Organ Sonata No.1 in D minor, Op.42
Solomon – Arrival of the Queen of Sheba [transcription]
Variations on a Theme of Herbert Howells, Op.87
Trio-Sonata in C, BWV529
Orb and Sceptre – Coronation March [transcription]
Christopher Herrick (Chapel Royal organ)
Reviewed by: Alan Sanders
Reviewed: 19 March, 2014
Venue: Hampton Court Palace, London Borough of Richmond upon Thames
The first surprise was a Sonata by Alexandre Guilmant (1837-1911), who was organist successively at Paris’s St Sulpice, Notre Dame and finally La Trinité, where he reigned for 30 years. Guilmant’s style, as evidenced here, does not seem particularly French – it is very much of the mid-nineteenth-century, and shades of Mendelssohn are not too far in the background. But the work’s bold, arresting opening immediately tells the listener that Guilmant’s is an individual voice: his invention is imaginative, skilfully realised and clearly conveyed. The first movement enjoys a reflective middle section to contrast effectively with the surrounding bravura, and is followed by a charming and quiet second, played with great affection by Herrick, who then responded with alacrity to the demands of the finale, with its mainly toccata-like brilliance.

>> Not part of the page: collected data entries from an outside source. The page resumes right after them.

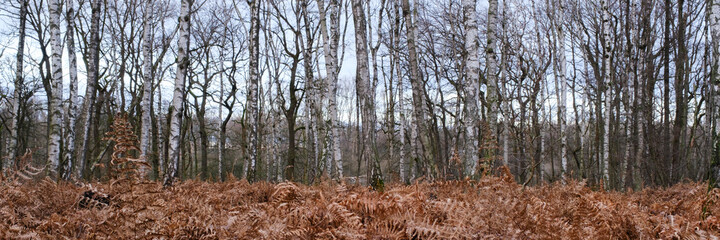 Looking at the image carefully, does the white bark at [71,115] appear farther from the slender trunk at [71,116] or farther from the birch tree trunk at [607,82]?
the birch tree trunk at [607,82]

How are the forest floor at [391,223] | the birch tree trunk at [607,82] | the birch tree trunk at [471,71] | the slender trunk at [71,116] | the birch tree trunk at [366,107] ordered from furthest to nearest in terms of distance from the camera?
the birch tree trunk at [607,82] < the slender trunk at [71,116] < the birch tree trunk at [471,71] < the birch tree trunk at [366,107] < the forest floor at [391,223]

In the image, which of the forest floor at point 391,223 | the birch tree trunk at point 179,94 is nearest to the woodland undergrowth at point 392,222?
the forest floor at point 391,223

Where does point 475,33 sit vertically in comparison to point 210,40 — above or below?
below

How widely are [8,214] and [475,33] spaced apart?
6389 millimetres

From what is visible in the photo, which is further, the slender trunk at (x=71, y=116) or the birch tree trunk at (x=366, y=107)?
the slender trunk at (x=71, y=116)

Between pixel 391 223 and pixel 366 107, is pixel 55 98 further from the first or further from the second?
pixel 391 223

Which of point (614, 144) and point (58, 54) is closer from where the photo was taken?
point (58, 54)

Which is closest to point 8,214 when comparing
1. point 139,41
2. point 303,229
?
point 303,229

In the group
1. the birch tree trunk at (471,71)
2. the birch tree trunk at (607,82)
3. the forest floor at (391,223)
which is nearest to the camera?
the forest floor at (391,223)

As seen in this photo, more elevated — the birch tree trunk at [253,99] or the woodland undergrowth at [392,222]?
the birch tree trunk at [253,99]

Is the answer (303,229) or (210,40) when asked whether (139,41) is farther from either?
(303,229)

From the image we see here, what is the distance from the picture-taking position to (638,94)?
40.8ft

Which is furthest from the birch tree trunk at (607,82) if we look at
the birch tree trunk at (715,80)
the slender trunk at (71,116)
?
the slender trunk at (71,116)

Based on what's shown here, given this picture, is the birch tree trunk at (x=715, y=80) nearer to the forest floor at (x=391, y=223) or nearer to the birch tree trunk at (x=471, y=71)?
the forest floor at (x=391, y=223) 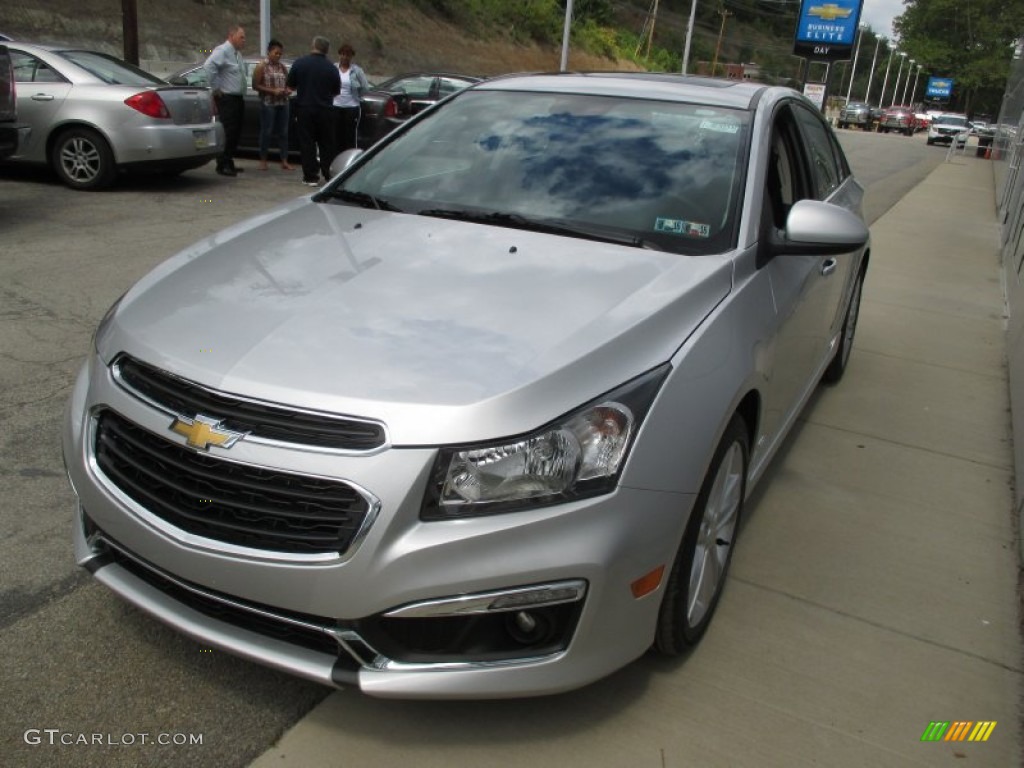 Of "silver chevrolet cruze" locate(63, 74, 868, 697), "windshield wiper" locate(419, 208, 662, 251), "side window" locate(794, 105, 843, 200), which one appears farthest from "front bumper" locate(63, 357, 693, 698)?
"side window" locate(794, 105, 843, 200)

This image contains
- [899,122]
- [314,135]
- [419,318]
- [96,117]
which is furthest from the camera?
[899,122]

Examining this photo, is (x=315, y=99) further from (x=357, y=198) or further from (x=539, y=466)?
(x=539, y=466)

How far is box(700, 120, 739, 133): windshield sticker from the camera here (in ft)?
11.6

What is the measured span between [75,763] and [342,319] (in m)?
1.27

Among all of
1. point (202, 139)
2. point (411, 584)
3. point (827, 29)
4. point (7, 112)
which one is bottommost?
point (411, 584)

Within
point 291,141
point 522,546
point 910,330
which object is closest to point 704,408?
point 522,546

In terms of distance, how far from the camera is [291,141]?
13.0 m

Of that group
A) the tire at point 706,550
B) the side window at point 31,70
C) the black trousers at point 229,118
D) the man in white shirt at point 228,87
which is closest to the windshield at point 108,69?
the side window at point 31,70

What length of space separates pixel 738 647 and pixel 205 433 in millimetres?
1794

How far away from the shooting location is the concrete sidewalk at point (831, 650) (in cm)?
248

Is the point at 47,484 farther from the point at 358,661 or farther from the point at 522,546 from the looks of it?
the point at 522,546

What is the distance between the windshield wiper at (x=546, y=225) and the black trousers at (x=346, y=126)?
9044mm

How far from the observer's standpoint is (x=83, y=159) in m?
9.69

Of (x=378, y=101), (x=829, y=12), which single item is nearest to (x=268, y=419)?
(x=378, y=101) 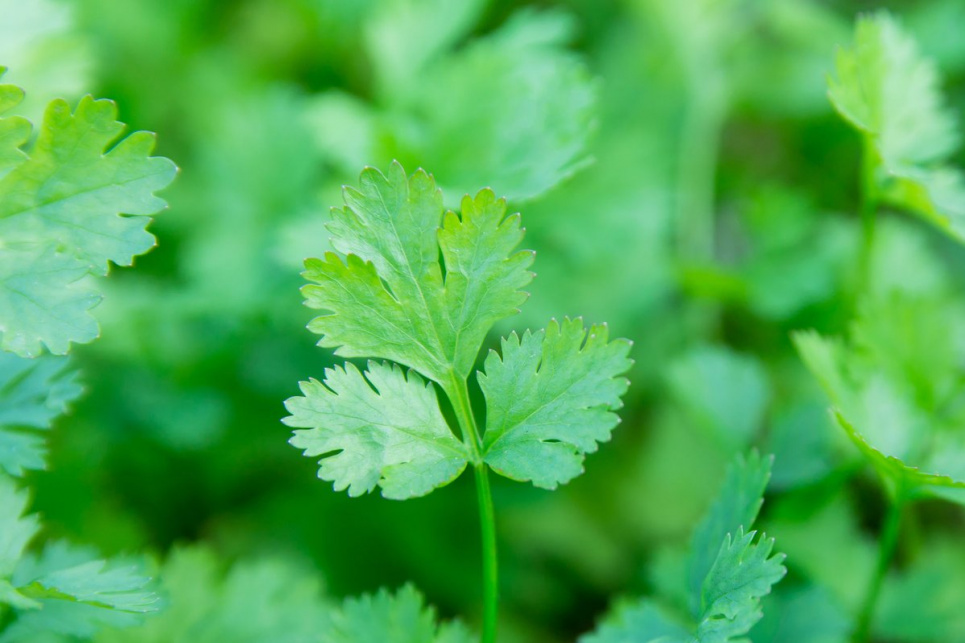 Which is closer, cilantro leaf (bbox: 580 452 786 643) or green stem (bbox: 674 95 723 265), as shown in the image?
cilantro leaf (bbox: 580 452 786 643)

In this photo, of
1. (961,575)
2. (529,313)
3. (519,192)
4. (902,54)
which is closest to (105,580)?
(519,192)

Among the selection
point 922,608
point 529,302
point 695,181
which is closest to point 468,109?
point 529,302

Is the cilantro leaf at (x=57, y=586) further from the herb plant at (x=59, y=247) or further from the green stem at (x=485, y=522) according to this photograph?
the green stem at (x=485, y=522)

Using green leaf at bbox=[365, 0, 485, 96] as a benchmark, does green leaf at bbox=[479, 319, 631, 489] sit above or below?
below

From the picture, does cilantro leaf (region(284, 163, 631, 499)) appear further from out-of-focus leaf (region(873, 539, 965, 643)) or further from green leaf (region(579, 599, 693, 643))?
out-of-focus leaf (region(873, 539, 965, 643))

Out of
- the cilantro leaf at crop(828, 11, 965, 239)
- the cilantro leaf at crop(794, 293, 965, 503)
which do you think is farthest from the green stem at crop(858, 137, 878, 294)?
the cilantro leaf at crop(794, 293, 965, 503)

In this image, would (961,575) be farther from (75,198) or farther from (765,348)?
(75,198) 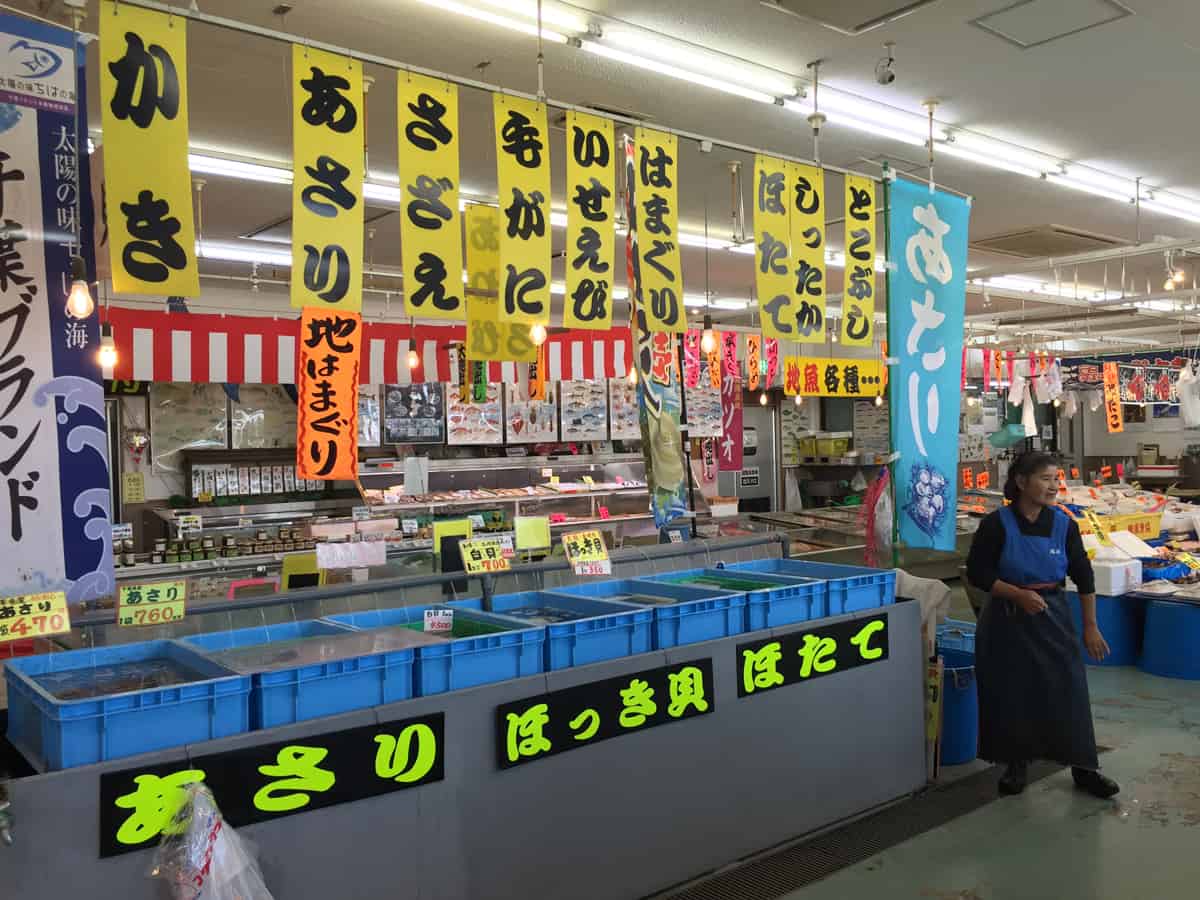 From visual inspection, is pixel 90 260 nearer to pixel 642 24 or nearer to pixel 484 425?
pixel 642 24

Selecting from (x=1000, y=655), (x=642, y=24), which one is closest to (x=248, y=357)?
(x=642, y=24)

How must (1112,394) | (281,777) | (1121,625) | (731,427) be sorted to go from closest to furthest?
(281,777), (1121,625), (731,427), (1112,394)

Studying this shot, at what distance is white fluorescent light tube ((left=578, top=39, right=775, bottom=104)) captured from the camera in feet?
18.1

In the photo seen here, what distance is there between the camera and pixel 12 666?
313 centimetres

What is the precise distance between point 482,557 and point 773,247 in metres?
2.79

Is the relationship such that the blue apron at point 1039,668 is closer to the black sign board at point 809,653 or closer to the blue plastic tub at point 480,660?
the black sign board at point 809,653

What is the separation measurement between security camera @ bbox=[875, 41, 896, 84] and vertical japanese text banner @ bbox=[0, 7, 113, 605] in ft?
14.5

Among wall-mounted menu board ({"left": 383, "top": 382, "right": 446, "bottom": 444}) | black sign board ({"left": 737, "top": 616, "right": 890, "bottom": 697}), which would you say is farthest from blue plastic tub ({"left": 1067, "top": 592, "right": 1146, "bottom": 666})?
wall-mounted menu board ({"left": 383, "top": 382, "right": 446, "bottom": 444})

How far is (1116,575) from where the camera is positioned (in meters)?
7.48

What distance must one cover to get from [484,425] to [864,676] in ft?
29.2

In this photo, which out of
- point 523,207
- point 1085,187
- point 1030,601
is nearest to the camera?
point 523,207

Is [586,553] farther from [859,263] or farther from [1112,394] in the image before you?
[1112,394]

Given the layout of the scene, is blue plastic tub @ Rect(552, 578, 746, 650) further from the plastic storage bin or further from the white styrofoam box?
the white styrofoam box

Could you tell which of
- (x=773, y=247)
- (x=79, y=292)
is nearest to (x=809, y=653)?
(x=773, y=247) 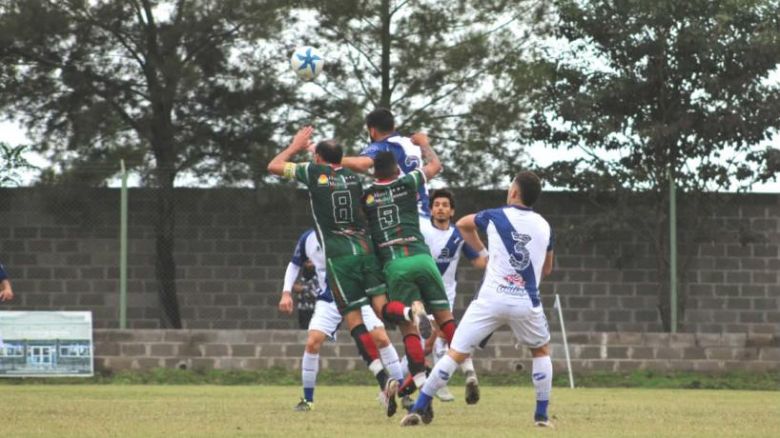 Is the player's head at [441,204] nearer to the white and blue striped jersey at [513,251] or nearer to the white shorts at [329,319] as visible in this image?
the white shorts at [329,319]

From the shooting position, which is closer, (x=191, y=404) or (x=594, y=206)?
(x=191, y=404)

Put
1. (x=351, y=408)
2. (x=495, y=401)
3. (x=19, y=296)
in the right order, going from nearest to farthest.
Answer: (x=351, y=408) < (x=495, y=401) < (x=19, y=296)

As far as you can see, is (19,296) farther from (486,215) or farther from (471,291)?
(486,215)

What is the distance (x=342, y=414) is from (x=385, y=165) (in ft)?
7.74

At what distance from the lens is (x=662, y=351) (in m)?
23.6

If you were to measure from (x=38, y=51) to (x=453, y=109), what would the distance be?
19.8 ft

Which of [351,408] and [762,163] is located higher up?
[762,163]

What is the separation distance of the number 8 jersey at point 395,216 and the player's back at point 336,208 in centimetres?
18

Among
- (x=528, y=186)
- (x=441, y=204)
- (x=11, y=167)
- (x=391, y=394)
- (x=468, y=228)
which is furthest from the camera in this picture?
(x=11, y=167)

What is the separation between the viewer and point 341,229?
13477mm

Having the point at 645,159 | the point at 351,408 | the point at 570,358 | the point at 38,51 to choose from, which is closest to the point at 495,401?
the point at 351,408

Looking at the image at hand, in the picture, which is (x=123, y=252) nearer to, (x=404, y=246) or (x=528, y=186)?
(x=404, y=246)

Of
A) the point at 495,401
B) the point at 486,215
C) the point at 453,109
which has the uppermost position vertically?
the point at 453,109

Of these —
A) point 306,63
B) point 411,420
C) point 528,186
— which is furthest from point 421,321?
point 306,63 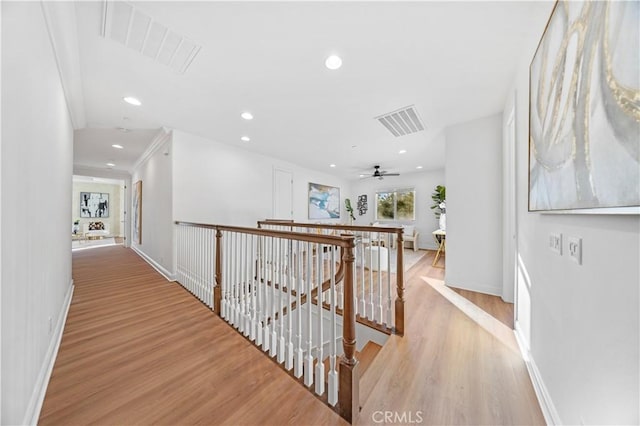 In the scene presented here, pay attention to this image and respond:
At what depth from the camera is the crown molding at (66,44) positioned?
4.54 feet

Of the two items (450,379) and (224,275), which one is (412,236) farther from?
(224,275)

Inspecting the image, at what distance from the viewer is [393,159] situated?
5.47 meters

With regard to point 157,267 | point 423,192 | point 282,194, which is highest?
point 423,192

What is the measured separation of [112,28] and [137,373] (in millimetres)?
2568

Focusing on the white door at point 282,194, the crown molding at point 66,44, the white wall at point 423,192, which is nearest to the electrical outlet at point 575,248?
the crown molding at point 66,44

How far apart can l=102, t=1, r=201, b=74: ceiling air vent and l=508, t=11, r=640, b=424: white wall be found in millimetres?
2690

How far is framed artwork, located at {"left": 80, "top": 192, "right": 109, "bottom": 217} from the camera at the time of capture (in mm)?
8930

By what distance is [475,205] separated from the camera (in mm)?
3133

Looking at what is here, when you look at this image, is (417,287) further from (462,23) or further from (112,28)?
(112,28)

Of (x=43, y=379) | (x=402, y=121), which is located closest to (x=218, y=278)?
(x=43, y=379)

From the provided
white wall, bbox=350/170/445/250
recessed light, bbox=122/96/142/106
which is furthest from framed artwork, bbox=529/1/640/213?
white wall, bbox=350/170/445/250

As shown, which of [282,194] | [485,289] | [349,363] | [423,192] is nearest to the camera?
[349,363]

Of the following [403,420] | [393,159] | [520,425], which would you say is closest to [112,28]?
[403,420]

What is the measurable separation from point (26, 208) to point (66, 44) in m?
1.43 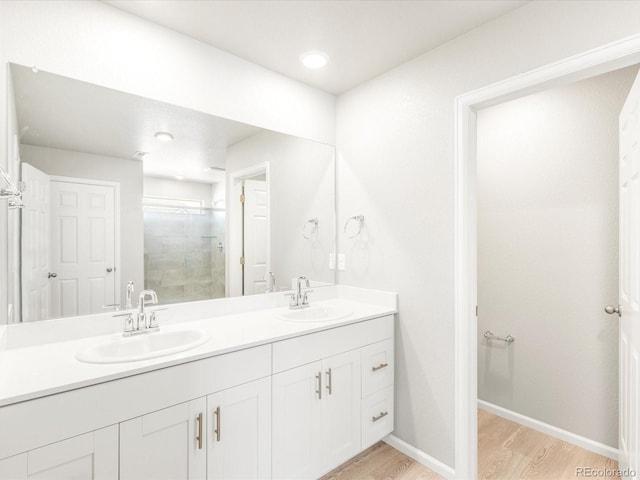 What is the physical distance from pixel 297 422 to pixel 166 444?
0.61 meters

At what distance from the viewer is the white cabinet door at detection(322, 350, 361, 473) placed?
1.75 m

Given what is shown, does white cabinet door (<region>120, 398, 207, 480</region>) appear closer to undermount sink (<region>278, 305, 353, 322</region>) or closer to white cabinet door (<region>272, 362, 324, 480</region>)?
white cabinet door (<region>272, 362, 324, 480</region>)

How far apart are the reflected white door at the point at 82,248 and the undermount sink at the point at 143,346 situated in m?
0.25

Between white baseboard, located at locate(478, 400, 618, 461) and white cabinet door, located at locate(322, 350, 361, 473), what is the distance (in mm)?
1233

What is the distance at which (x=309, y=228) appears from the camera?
244 cm

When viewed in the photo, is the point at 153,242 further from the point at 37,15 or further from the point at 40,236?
the point at 37,15

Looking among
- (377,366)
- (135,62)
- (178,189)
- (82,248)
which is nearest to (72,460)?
(82,248)

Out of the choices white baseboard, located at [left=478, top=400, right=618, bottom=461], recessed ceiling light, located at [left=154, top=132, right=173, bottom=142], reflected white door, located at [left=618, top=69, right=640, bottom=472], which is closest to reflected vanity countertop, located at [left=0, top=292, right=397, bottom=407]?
recessed ceiling light, located at [left=154, top=132, right=173, bottom=142]

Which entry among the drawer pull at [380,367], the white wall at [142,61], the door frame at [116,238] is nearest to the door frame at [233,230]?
the white wall at [142,61]

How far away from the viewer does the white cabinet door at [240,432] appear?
1.37 m

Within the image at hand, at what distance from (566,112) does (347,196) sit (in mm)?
1486

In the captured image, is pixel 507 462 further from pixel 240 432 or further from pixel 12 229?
pixel 12 229

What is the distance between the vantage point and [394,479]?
73.5 inches

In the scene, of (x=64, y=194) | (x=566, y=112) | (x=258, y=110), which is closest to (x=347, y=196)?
(x=258, y=110) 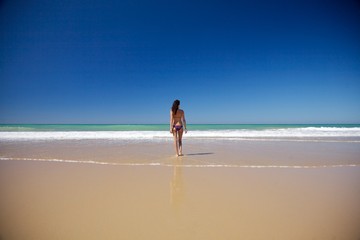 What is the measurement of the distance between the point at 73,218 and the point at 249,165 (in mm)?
4479

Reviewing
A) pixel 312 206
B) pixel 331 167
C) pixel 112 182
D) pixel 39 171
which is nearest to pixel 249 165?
pixel 331 167

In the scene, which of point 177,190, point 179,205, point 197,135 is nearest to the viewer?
point 179,205

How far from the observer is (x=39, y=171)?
528 cm

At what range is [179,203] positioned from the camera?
3.19m

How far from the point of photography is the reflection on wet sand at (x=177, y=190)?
316cm

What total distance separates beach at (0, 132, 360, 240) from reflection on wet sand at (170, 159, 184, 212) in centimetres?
1

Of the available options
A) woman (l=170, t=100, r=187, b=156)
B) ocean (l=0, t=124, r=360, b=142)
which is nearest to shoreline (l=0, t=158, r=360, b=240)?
woman (l=170, t=100, r=187, b=156)

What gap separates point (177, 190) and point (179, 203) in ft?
1.96

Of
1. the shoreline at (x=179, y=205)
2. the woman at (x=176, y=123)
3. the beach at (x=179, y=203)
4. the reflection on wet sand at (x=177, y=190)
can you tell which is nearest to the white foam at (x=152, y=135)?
the woman at (x=176, y=123)

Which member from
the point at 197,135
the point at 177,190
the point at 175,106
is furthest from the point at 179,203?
the point at 197,135

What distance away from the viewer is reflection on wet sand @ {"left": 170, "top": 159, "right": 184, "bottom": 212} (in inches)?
124

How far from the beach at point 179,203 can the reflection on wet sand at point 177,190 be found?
14 millimetres

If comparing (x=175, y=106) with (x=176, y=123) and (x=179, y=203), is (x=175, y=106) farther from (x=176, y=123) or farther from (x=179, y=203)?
(x=179, y=203)

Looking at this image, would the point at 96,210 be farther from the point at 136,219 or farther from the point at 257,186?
the point at 257,186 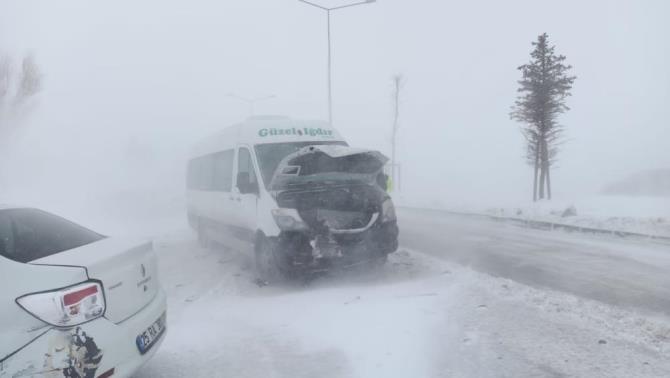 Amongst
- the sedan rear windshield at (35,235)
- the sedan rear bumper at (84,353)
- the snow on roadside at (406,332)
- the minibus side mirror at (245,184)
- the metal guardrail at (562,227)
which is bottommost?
the snow on roadside at (406,332)

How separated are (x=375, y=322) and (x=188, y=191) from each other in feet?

The transcription of Handel’s ‘Arrival of the Queen of Sheba’, by an unknown hand, successfully suggested the original scoring for two oboes and strings, and it was followed by Toccata by the New York-based organist John Weaver (born 1937). This cheerful piece fell easily on the ear and held interest through some intriguing rhythmic devices, skilfully brought to life by Herrick. Derek Bourgeois (born 1941) has written no less than 92 Symphonies and many other works. He was present to hear and acknowledge the enthusiastic applause for his Variations, composed on a theme written by his composition tutor Herbert Howells. Here was another mainly outgoing work that could easily be taken pleasure from, with contrasting episodes and a majestic finale. The Bach Trio-Sonata provided an entirely different experience, Herrick conveying its spiritual and intellectual nature with searching insight.
The final work, Walton’s Orb and Sceptre, written for Queen Elizabeth II’s 1953 Coronation, was played in a transcription apparently contributed to by more than one musician, including the present performer. Originally scored for large orchestra, it isn’t a piece that sits naturally on the organ, and the great difficulties that face the player were apparent here in a slow basic tempo and a good few hesitations when the going became particularly sticky. As an encore Herrick announced that he would play a “silly piece”, written for him by the Norwegian pianist and organist Mons Leidvin Takle. Full of self-mocking fun, its virtuosic nature, brilliantly conveyed by Herrick, brought the evening to a suitably rousing end. On his website, Herrick can be seen playing the Takle and Bourgeois pieces.